= Task details =
Each entry should be copied as it stands, leaving the pictures behind.

[Short web captions]

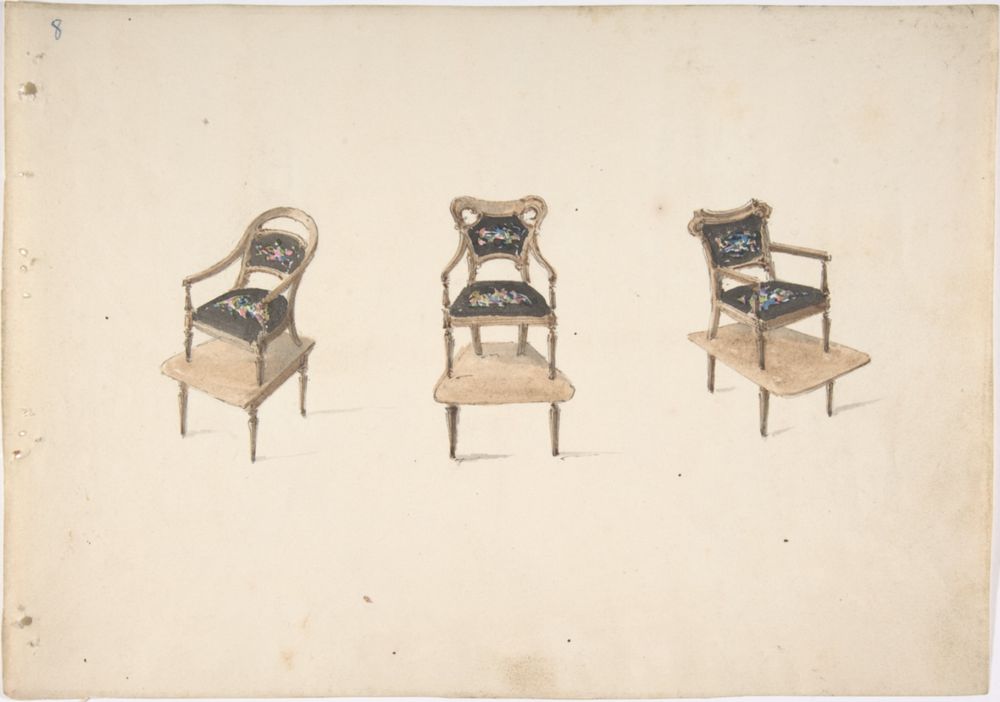 Design for Three Small Elevated Armchairs, Metropolitan Museum of Art, New York, NY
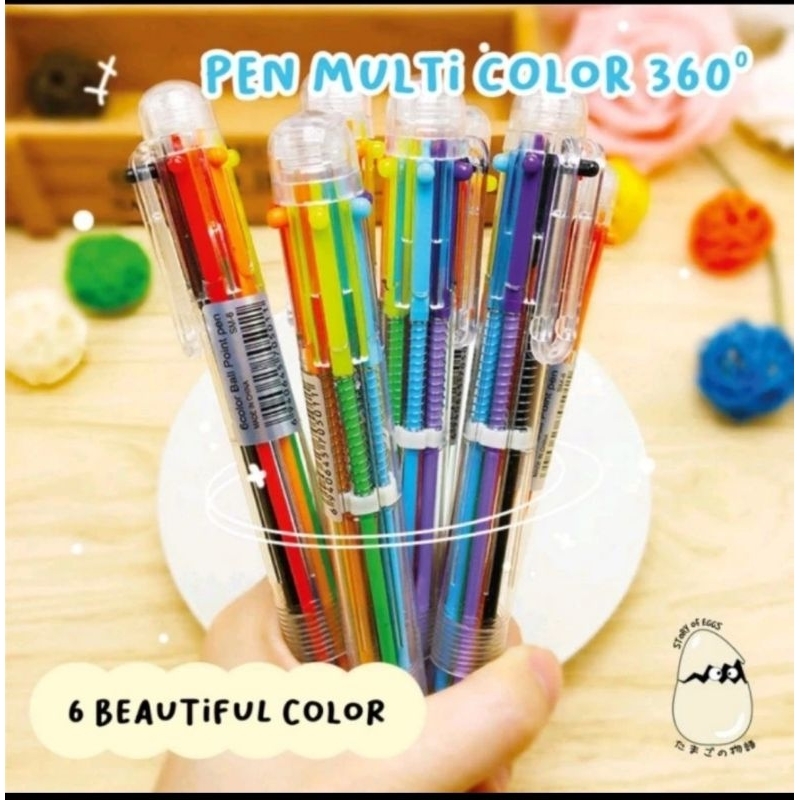 

Pulpen 6 Warna Pena Ballpoint Multicolor 0.7mm
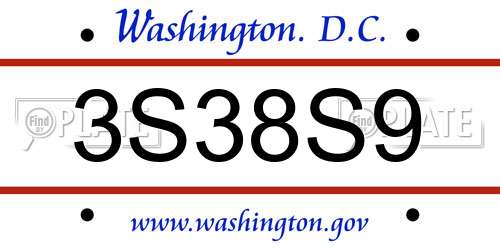 3S38S9 District Of Columbia License Plate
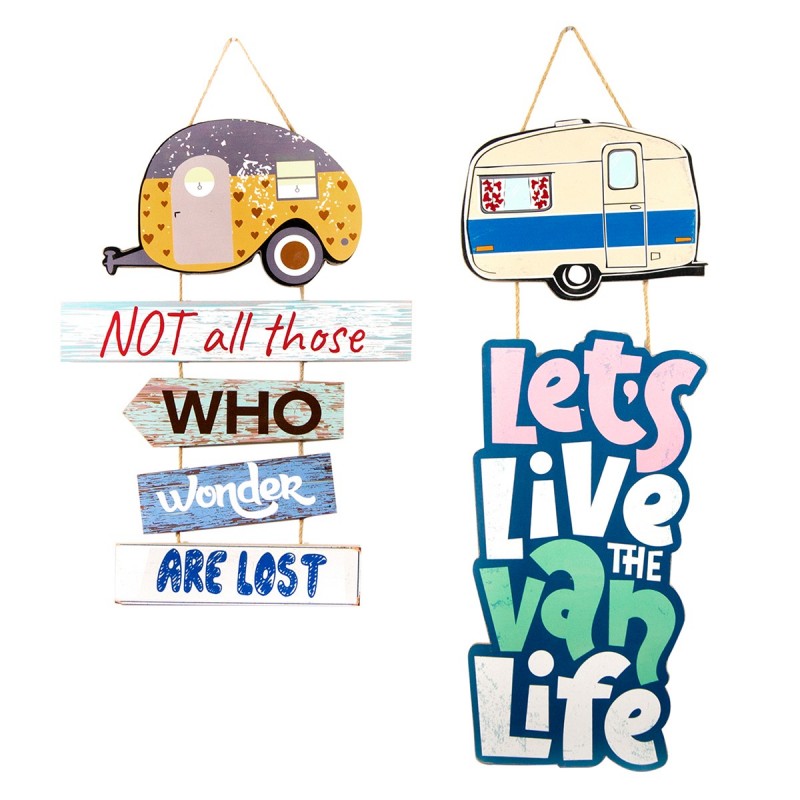 ORIGEN Home Decor Caravan Signs Plaques en bois 2U | Bleu - 48x35x1cm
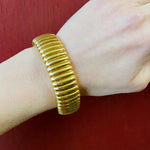 Magnificent 18k Gas Pipe Bracelet with Rubies and Diamonds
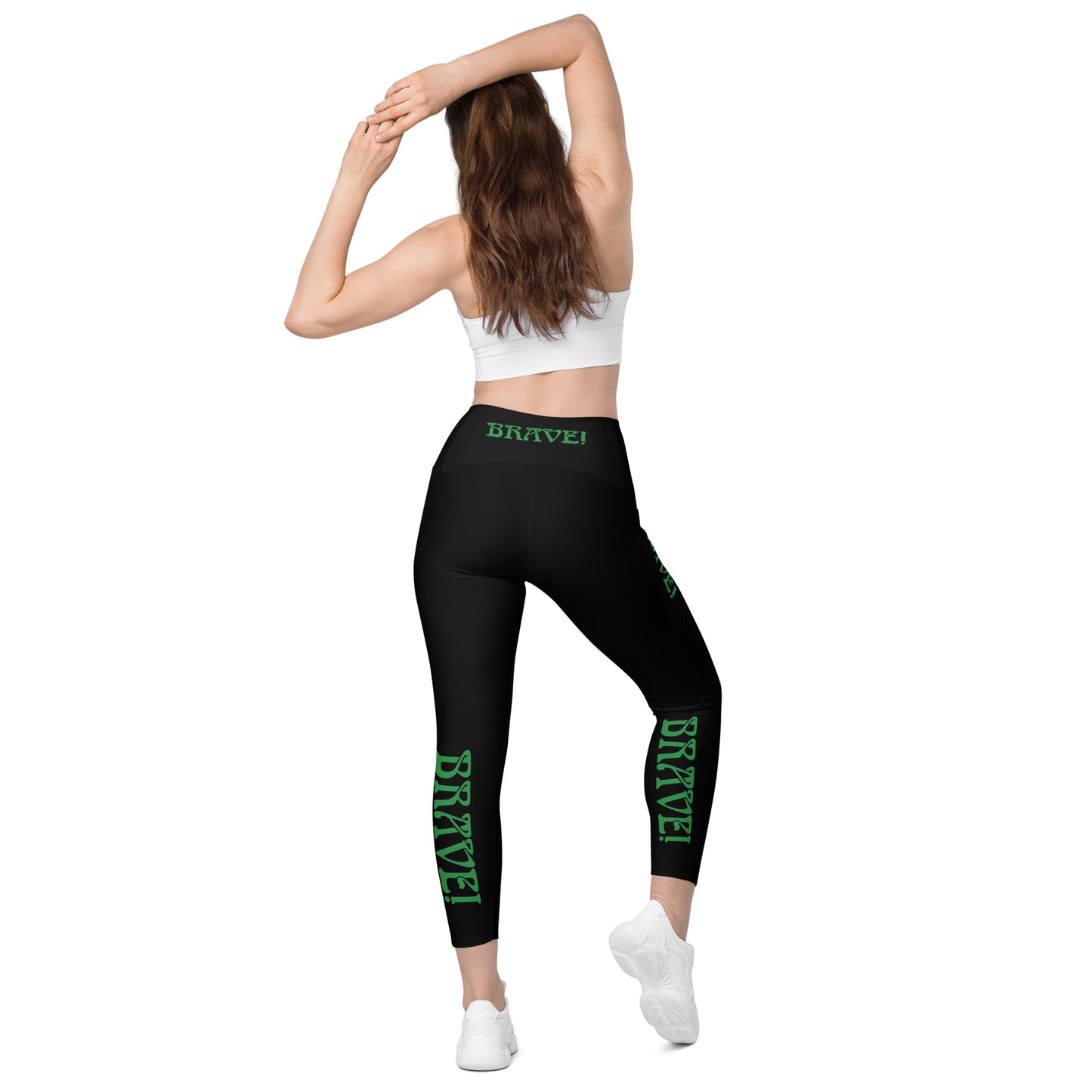 “BRAVE!” Black Leggings W/Pockets & Green Font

= Reply to the exercise =
 Design for Three Small Elevated Armchairs, Metropolitan Museum of Art, New York, NY

Pulpen 6 Warna Pena Ballpoint Multicolor 0.7mm
 3S38S9 District Of Columbia License Plate
 ORIGEN Home Decor Caravan Signs Plaques en bois 2U | Bleu - 48x35x1cm
 Magnificent 18k Gas Pipe Bracelet with Rubies and Diamonds
 “BRAVE!” Black Leggings W/Pockets & Green Font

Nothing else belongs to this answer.